Maybe you will be in interest: i compile bench programm for morphos2.5 (on the same peg2 where i have latest aos4), and with latest powersdl (morphos version of sdl), it give that results for me:
So looks like while Slow Points and Fast Points give the same results on HW/SW surfaces, rect fill and 32x32 blits on HW are faster on powersdl/mos. (on SWSURFACE again, the same in general). RectFill faster pretty much, but 32x32 blits faster really well (in twice almost) (for example, in HW/640x480 for morphos we have 273.067, for aos4 146.286).
But imho, that it because of our realisation of OpenGL :( Did HWSURFACE use opengl at all ?
Also i noticed, that first-coming info from benchmark, are a bit different too:
I cant download that archive from page which you point on os4-sdl page, maybe you can upload it somethere ? So, i can try to compile it myself, check how bug is looks like, then i will try to strip all the code off, and only leave the bug-part, which, after all, will be easy for AfxGroup to fix the problem.
Just to avoid creating of new thread about the same, i bring that one.

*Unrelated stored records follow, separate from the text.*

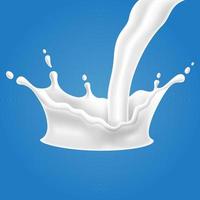 Vector illustrations of milk splash and pouring, realistic natural dairy products, yogurt or cream, isolated on blue background.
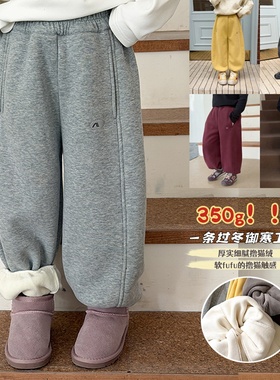 Yumi妈冬装儿童保暖加厚休闲宽松裤子男女童校园刺绣卫裤25M002
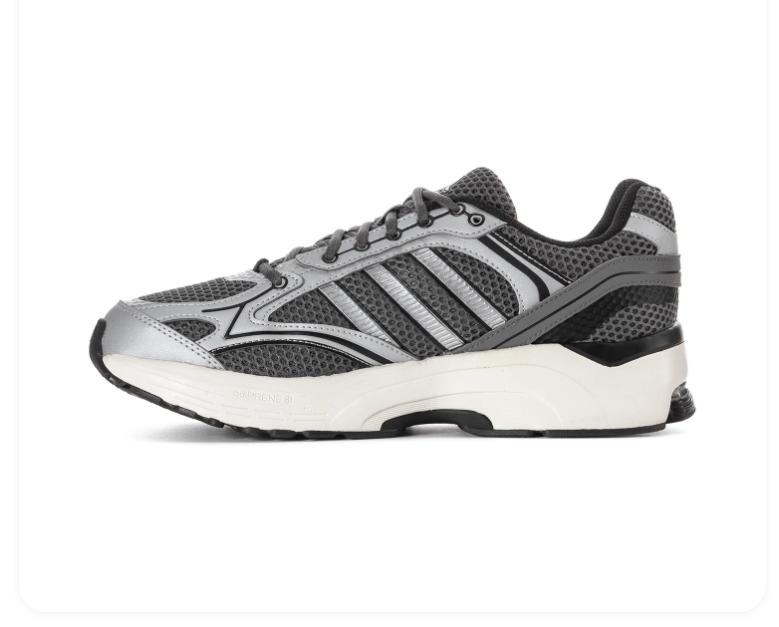 adidas Grey & Silver Mesh Sneakers with White Midsole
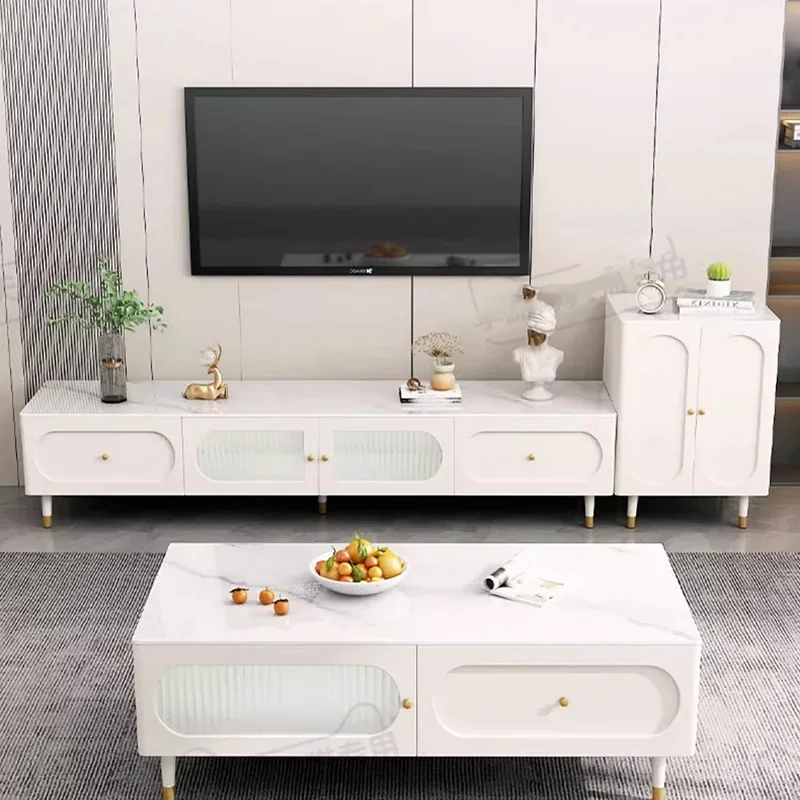 

White Modern Tv Stand Cabinet, Simple and Unique Living Room Stand, Luxury Wood, Garden Furniture Sets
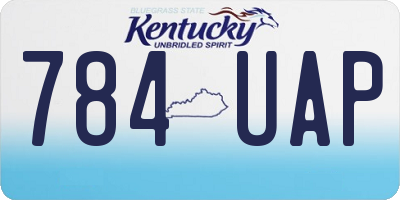KY license plate 784UAP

As i see you start to works on SDL again, and your latest update (r42) was about adding a preliminary version of p96WritePixelArray replacement. I check the differences, and found that before BltBitMapRastPort() functions was used. And that cause a bit of interest from me : what fucntions are faster ? As far as i remember, in last time we all blame p96 pretty much (bottlneck, old, bad designed), and that make me curios what are better: that BltBitMapRastPort from graphics.library, or that p96WritePixelArray from p96 ? I check the docs, but there is nothing about which one are better or faster .. Maybe you already do some tests with it and can say about it more ?
Keep in mind that changes are in working and must not be spreaded since for example there are problems with SWFURFACES that freeze the machines. Also that last commint has a problem with first p96WritePixelArray since i've changed a variable name.. So wait before doing something with that changes. Hope Peter can work on it since i'm really busy at monet and maybe i must change also my real work. so i don't know when i can do domething on the code
I build that version right now, and benchmarks are VERY GOOD ! Also i see your benchmarks, and you 100% right, it the same BIG difference for me. Very cool. For example, if we will compare with MORPHOSs SDL speed for now on the same hardware (in uppear post), and that one which i have for now:
That mean, that OS4 version for now are faster than morphos ones in 300% in SW mode, and for example in 32x32 blits 640x480 in HW it also faster in 2 times for now !
I even cab see the differences beetwen old SDL and new one visually while Bench test are works.
I should to say that is what i call "radical speedup" ! Very good.
Trying to compile some stuff (just add on linking stage to compile it with shared SDL), and looks like it freezes not only in the SWSURFACE, but also and with HWSURFACE as well.
After compiling SDLBench to use a shared libSDL, I got some amazing benchmarks too for software surfaces.
I have a shared object version of e-uae, and unfortunately the system freezes when switching from fullscreen to windowed (hardware surfaces to software surfaces).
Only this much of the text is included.